In FIG. 2B, "+" and "〇"
The pixel data a _{2 to} i ₂ of the pixels represented by the marks are inter-frame predictive encoding tools for half-pixel sampling (the n-th inter-frame predictive encoding tool for quarter-pixel sampling is described below). The (n + 1) th coding tool
Pixel data (corresponding to the encoding tool of (1), (n + 1) -th code when the pixel data obtained by the inter-frame prediction encoding tool of quarter-pixel sampling described later is the n-th encoded data) Data). Among them, the pixel data of the pixel represented by the “+” mark is the same value as the pixel data obtained by the inter-frame prediction coding tool of sampling of one pixel unit.
The pixel data indicated by “〇” is pixel data that has been predicted and interpolated based on the image data A to D.

In FIG. 3C, "+",
Pixel data a ₄ to pixel data of pixels represented by “〇” and “△”
y ₄ is pixel data generated by an inter-frame prediction encoding tool of quarter-pixel sampling.
Among these, the pixel data of the pixels represented by the “+” and “〇” marks have the same value as the pixel data obtained by the inter-frame predictive encoding of the sampling on a half-pixel basis. Further, the pixel data of the pixel indicated by “+” is the same value as the pixel data obtained by the inter-frame predictive coding of the sampling of one pixel unit, and the image of the pixel indicated by “〇” and “△” The data is pixel data predicted and interpolated based on the image data A to D.

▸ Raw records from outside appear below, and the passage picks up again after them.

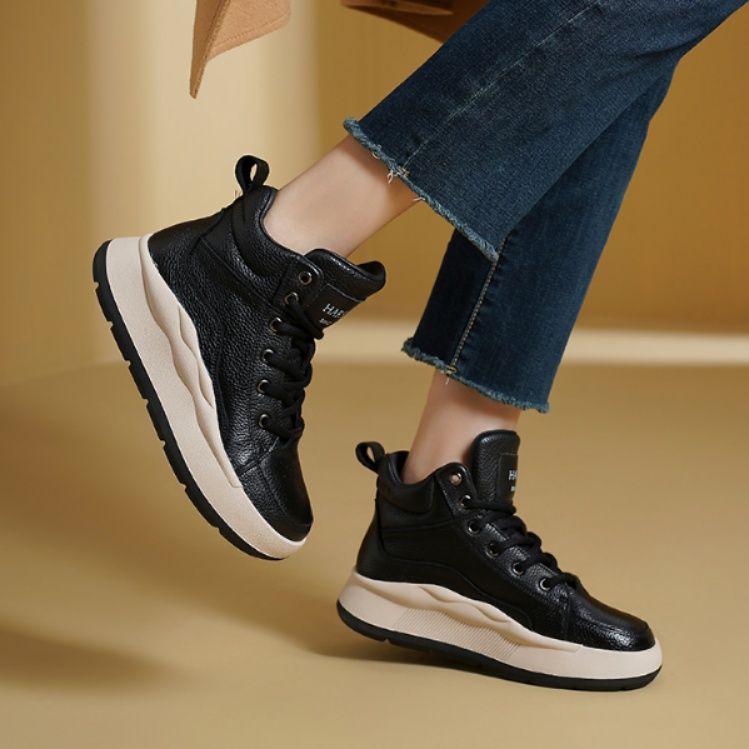 【アーバン・ラグジュアリー】ハイカット 厚底スニーカー ブラック | シボ革 異素材コンビ 曲線ソール モード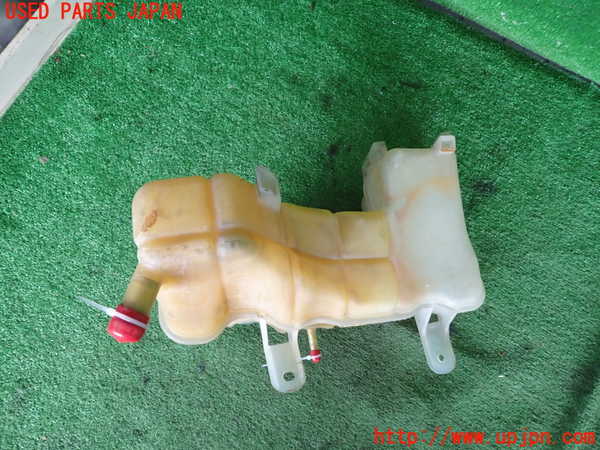 5UPJ-18502410]クライスラー・300C 2006ymodel(LX57)ラジエータータンク 中古_m0004.jpg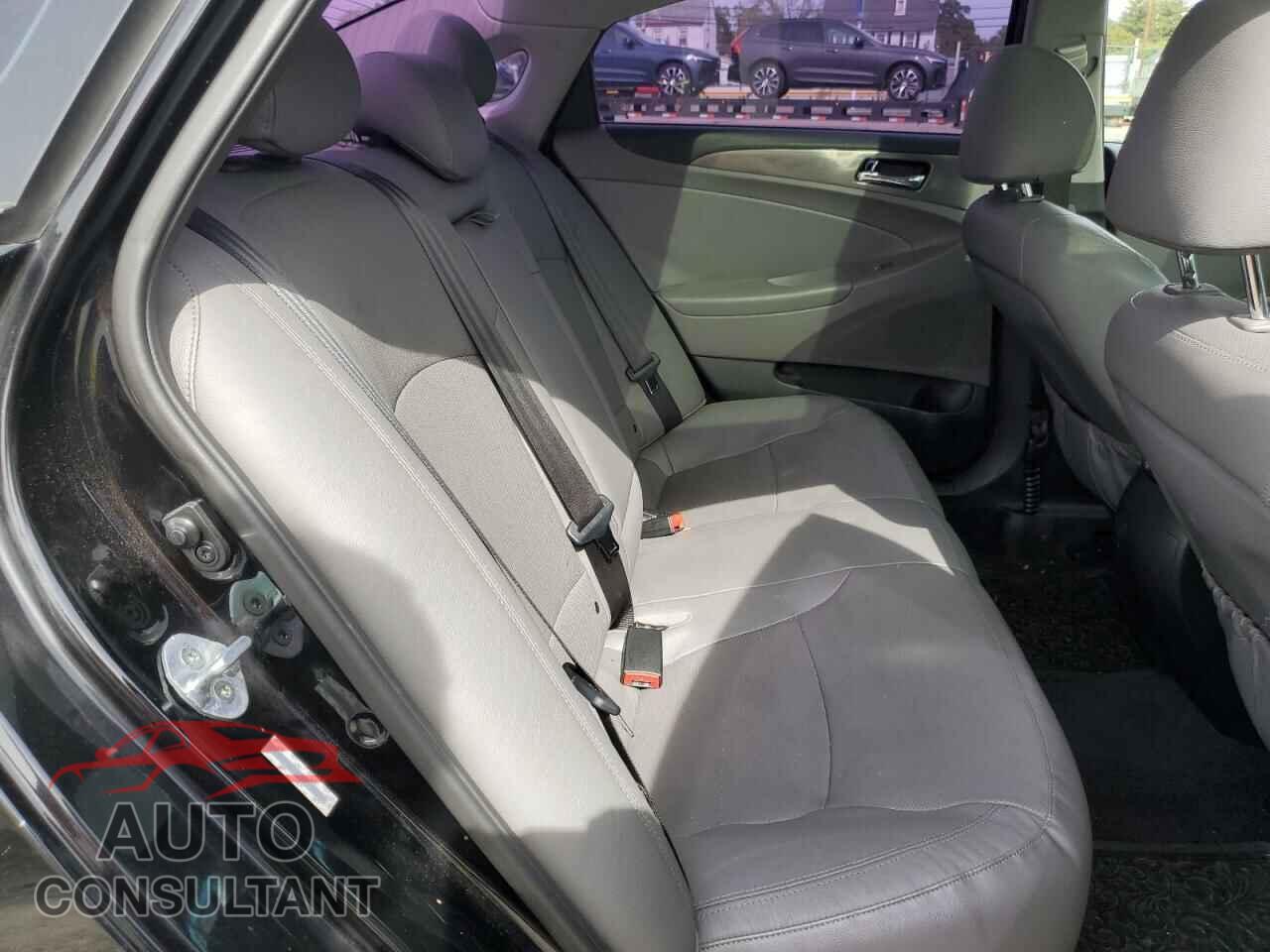 HYUNDAI SONATA 2014 - KMHEC4A43EA110236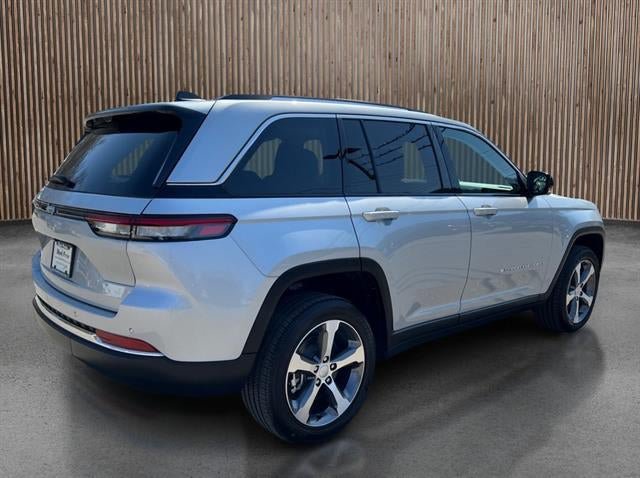 New 2024 Jeep Grand Cherokee Limited 4xe w/ Luxury Tech Group II AWD/4WD image 5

As can be understood from FIGS. 12 (a) to 12 (c), pixel data a _{2 to} i ₂ obtained by inter-frame predictive coding with half-pixel sampling are used to obtain one-pixel sampling frames. It contains pixel data a _{1 to} d ₁ (image data A to D) obtained by inter prediction coding, and has a pixel density four times as high as the density of sampling pixels of a video signal. The pixel data a _{4 to} y ₄ obtained by the inter-frame predictive coding process of quarter-pixel unit sampling is performed for one-pixel unit sampling and half.
It contains pixel data obtained by the inter-frame prediction encoding process of pixel unit sampling, and has a pixel density 16 times as high as the density of the sampling pixels of the video signal.

As described above, the pixel data obtained by the inter-frame predictive coding tool for generating the pixel data of the high-density display pixels is the same as that of the inter-frame prediction for generating the pixel data of the lower-density display pixels. It hierarchically includes pixel data obtained by the predictive coding tool. For example, pixel data a _{4 to} y ₄ obtained by using the inter-frame predictive encoding tool of quarter-pixel sampling described above is obtained by hierarchically converting pixel data a _{2 to} i ₂ and pixel data a _{1 to} d ₁ . Included.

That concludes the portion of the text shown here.